What you should do
Pictures in the records below must be left out. Return exactly the lines from the line with "An oil drilling" to the line with "Asiatischer Gurkensalat in", both included.

Source data
◇ ◇ ◇

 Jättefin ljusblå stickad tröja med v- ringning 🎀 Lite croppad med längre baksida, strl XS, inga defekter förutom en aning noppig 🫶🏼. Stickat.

◇ ◇ ◇

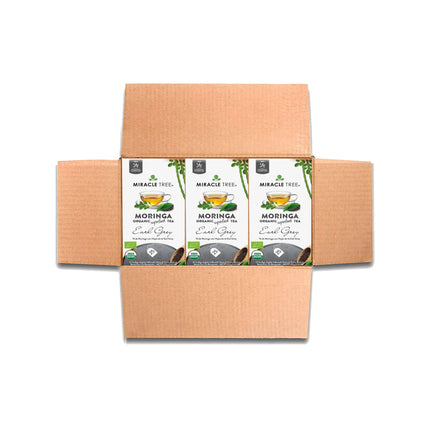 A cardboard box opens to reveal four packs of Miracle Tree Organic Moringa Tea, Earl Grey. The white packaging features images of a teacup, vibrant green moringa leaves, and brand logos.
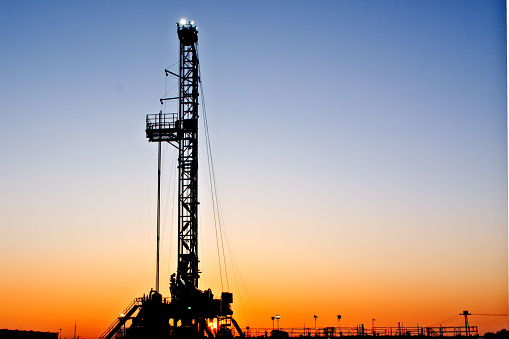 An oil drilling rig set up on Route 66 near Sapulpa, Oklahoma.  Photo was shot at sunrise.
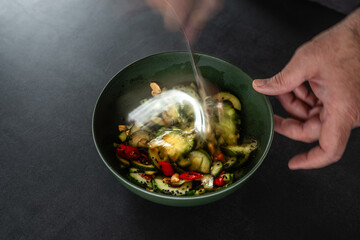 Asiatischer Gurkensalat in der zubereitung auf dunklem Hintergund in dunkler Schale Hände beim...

◇ ◇ ◇

Solved problem
 An oil drilling rig set up on Route 66 near Sapulpa, Oklahoma.  Photo was shot at sunrise.
 Asiatischer Gurkensalat in der zubereitung auf dunklem Hintergund in dunkler Schale Hände beim...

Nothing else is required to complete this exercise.